Thursday, January 25, 2018

Daily Lesson for January 25, 2018

Today we remember the Conversion of St Paul and draw our Lesson from Philippians chapter 3 verses 4 through 9:

If anyone else has reason to be confident in the flesh, I have more:5circumcised on the eighth day, a member of the people of Israel, of the tribe of Benjamin, a Hebrew born of Hebrews; as to the law, a Pharisee; 6as to zeal, a persecutor of the church; as to righteousness under the law, blameless.7 Yet whatever gains I had, these I have come to regard as loss because of Christ. 8More than that, I regard everything as loss because of the surpassing value of knowing Christ Jesus my Lord. For his sake I have suffered the loss of all things, and I regard them as rubbish, in order that I may gain Christ 9and be found in him, not having a righteousness of my own that comes from the law, but one that comes through faith in Christ, the righteousness from God based on faith. 

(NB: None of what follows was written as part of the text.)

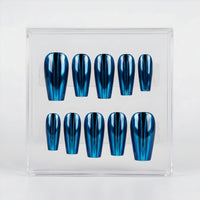A set of ten coffin-shaped press-on nails with a metallic blue chrome finish, displayed inside a clear acrylic case on a white background.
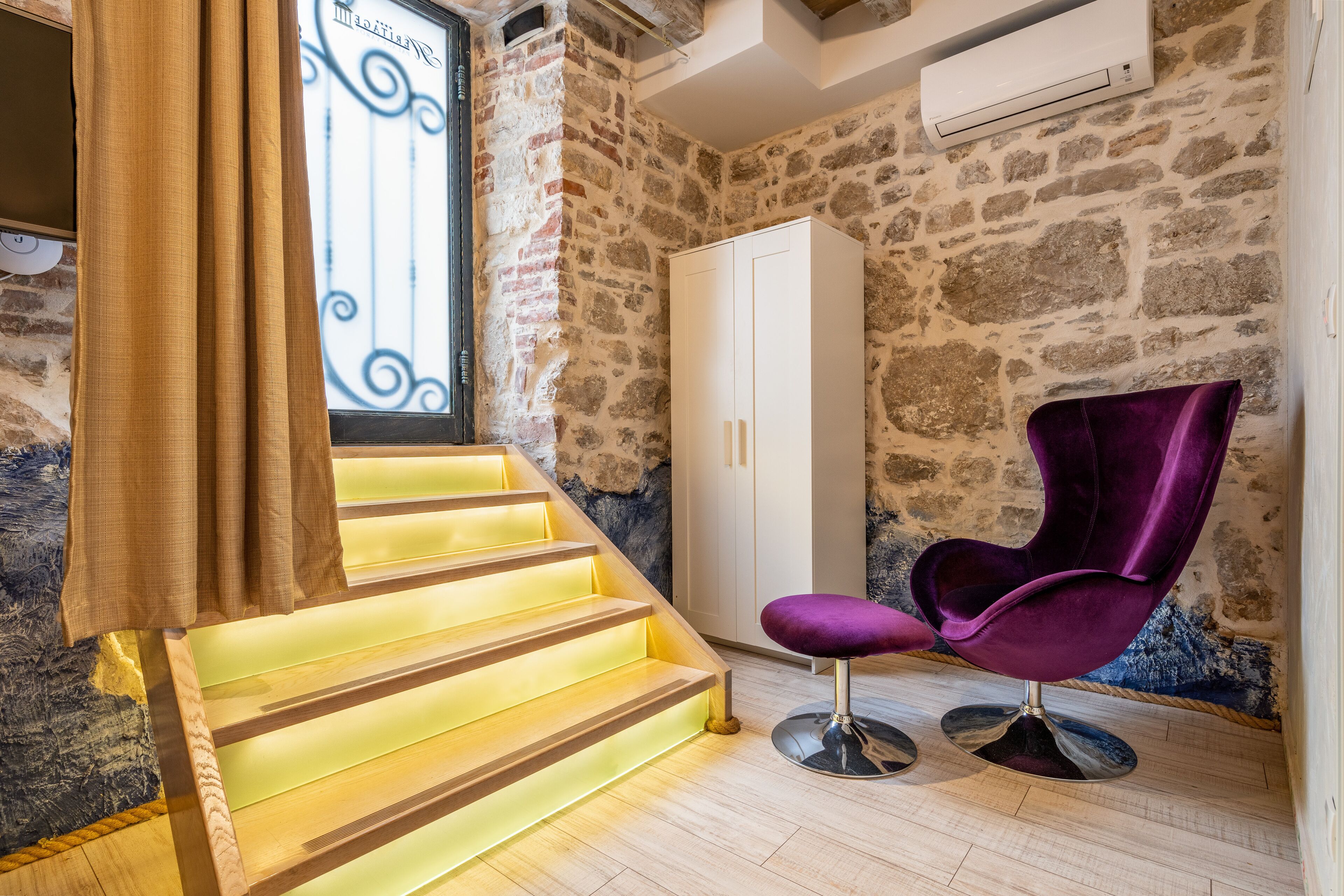 A staircase with illuminated steps, a white wardrobe, and a purple chair in a room with stone walls and a window with decorative ironwork.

In St Paul’s conversion we see the death of a righteousness zeal based in race and clan and tribe and the mythic ideal of a person who wears the white hat in fighting against all the so-called “bad guys”, and a deep realization of one’s own inner inconsistencies, blindness, prejudice, and unrighteousness. Paul discovers his need for grace on the Damascus Road, where he finally sees his own blindness in persecuting the righteous in the name of the righteousness. In a word, this is blasphemy — doing the world of evil in the name of God. Struck blind, Paul sees his own mistaken way and “converts” — meaning he changes. He comes to see his own blind spots. He comes to know himself from a place of humility — as a chief sinner saved by grace.

Reinhold Niebuhr said the final enigma of history is not how good is to defeat evil, but how the evil in every good and the unrighteousness of our righteousness is to be overcome.


It was Paul’s righteous indignation and sense of superiority that were in fact the sources of his actual unrighteousness. His conversion led him to place of accepting himself and others with a righteousness that was not of his own or even of his own people. It was the righteousness that only those who know they are unrighteous can ever find. It was the righteousness that comes — not by law and order, or clan, or racial group, or religion — but by the grace of God alone, neither earned nor entitled but solely received like bread placed into the hands of a blind beggar.